** YOUR INSTRUCTIONS **
From the first line to the last, repeat the data exactly and drop the pictures.

** DATASET CONTENT **
══════════
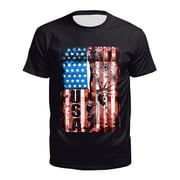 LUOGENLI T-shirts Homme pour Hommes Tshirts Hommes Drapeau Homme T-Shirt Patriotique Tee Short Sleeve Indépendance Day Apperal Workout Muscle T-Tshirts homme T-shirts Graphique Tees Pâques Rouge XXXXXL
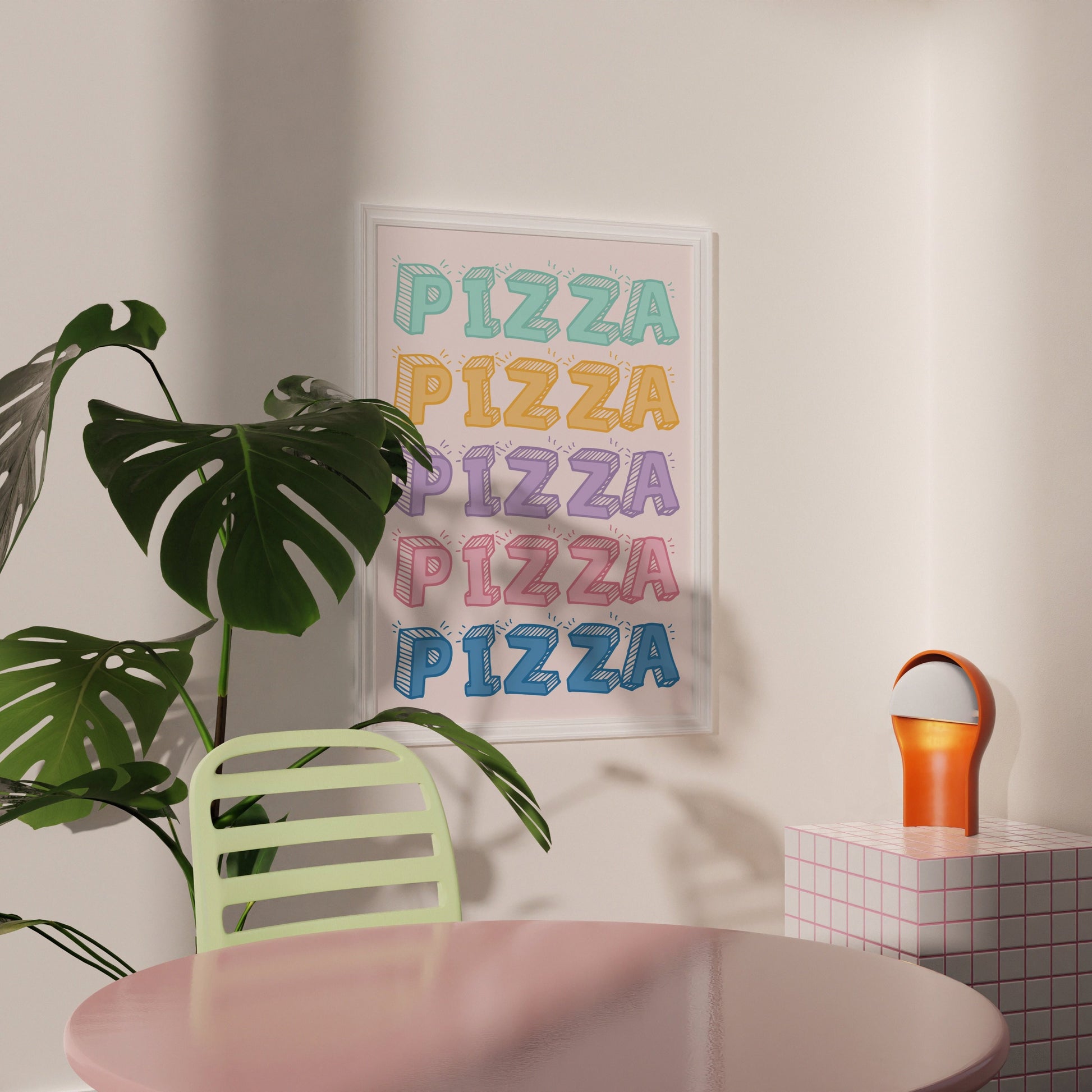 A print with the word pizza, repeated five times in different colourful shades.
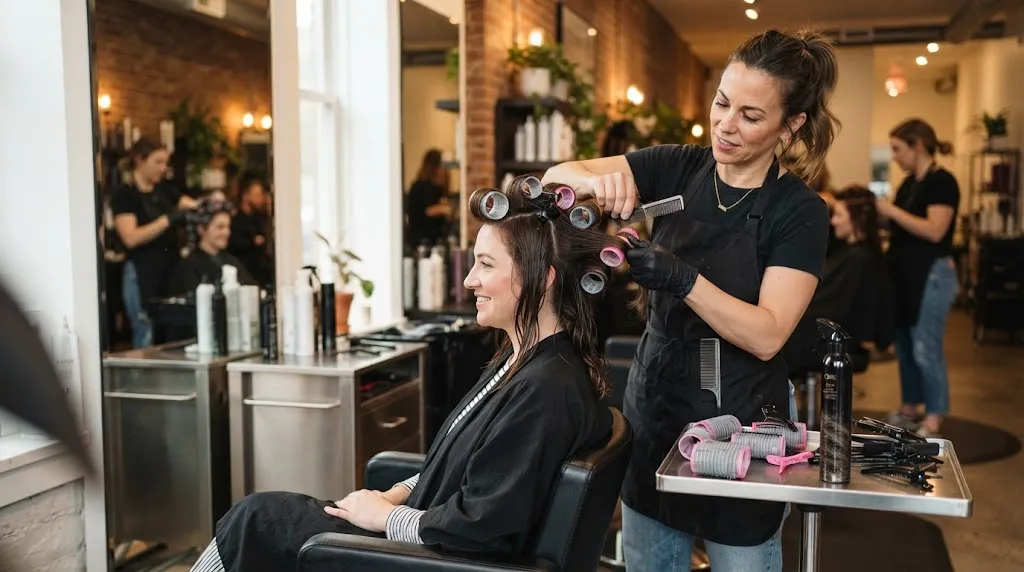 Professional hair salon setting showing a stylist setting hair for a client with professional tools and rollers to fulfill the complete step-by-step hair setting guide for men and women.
══════════
** RESULT **
 LUOGENLI T-shirts Homme pour Hommes Tshirts Hommes Drapeau Homme T-Shirt Patriotique Tee Short Sleeve Indépendance Day Apperal Workout Muscle T-Tshirts homme T-shirts Graphique Tees Pâques Rouge XXXXXL
 A print with the word pizza, repeated five times in different colourful shades.
 Professional hair salon setting showing a stylist setting hair for a client with professional tools and rollers to fulfill the complete step-by-step hair setting guide for men and women.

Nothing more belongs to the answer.